Gov. John Hickenlooper on Friday signed a bill that extends the Veterans' Service-to-Career Program, whose goal is to provide job services to veterans and their families as they transition from the military. The bill signing took place at the Pikes Peak Workforce Center in Colorado Springs.
"When we look at the challenges and the risks that our military, both men and women, that they accept, we recognize that it just heightens the obligation that when they are finished (with) their service, they need to have a job," Hickenlooper said before several dozen legislators, local elected officials and Workforce Center employees. "And they deserve to get a priority in their training and they deserve to get a priority in their hiring."

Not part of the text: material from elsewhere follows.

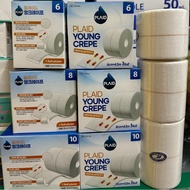 Plaid Young Crepe Elastic Bandage with Fixed Adhesive, Medical Elastic Bandage for Rib Adhesive Crep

A bill that created the pilot program in 2016 authorized nonprofit agencies to partner with workforce centers chosen by the Colorado Department of Labor and Employment. Grants were awarded to selected applicants who then used the funds to provide eligible veterans with job training, internships, work placement, career and professional counseling and other services.
The program was scheduled to expire Jan. 1.
The bill signed by Hickenlooper extends the program for five years and appropriates nearly $507,000 in funding for the 2018-19 fiscal year. It also requires the Department of Labor and Employment to develop standards to measure program outcomes and effectiveness before starting the bid process for grants.
The bill was sponsored by Republican Rep. Terri Carver, Democratic Rep. Pete Lee and Republican Sen. Kent Lambert, both of Colorado Springs, and Democratic Sen. Nancy Todd of Denver. "It expands the pool of skilled labor, which we very much need in our local economy," Carver said.
The Mount Carmel Veterans Service Center in Colorado Springs partnered with the Workforce Center and, with a grant during the program's initial two years, assisted nearly 390 veterans, spouses and family members, said Traci Marques, the agency's executive director and CEO.
"It's a public-private partnership," Marques said of the effort between the Workforce Center and Mount Carmel. "We cannot do this alone. Why not be able to share the opportunities that we have for our community, especially our veterans and spouses?"
Of the nearly 390 people who benefited, 41 were placed in internships with a variety of employers - including information technology, insurance, health care, transportation, financial services and even breweries. Another 132 received specialized job services and job coaching, Marques said.
Bob McLaughlin, Mount Carmel's chief operating officer, said this year's bill to extend the program will continue to provide sorely needed job support for veterans and their families.
"Just the fact that the state voted to not sunset it for five years shows a vote of confidence in the public-private partnership," he said.
Even though the program was extended for five years, and funding appropriated for 2017-18, additional appropriations will be needed in subsequent years. McLaughlin said supporters will continue to push for the funding.
"The goal is, where there's a need in the resources, we want to provide it," he said. "We believe the need is greater than what we can provide and we will just go back to get more resources."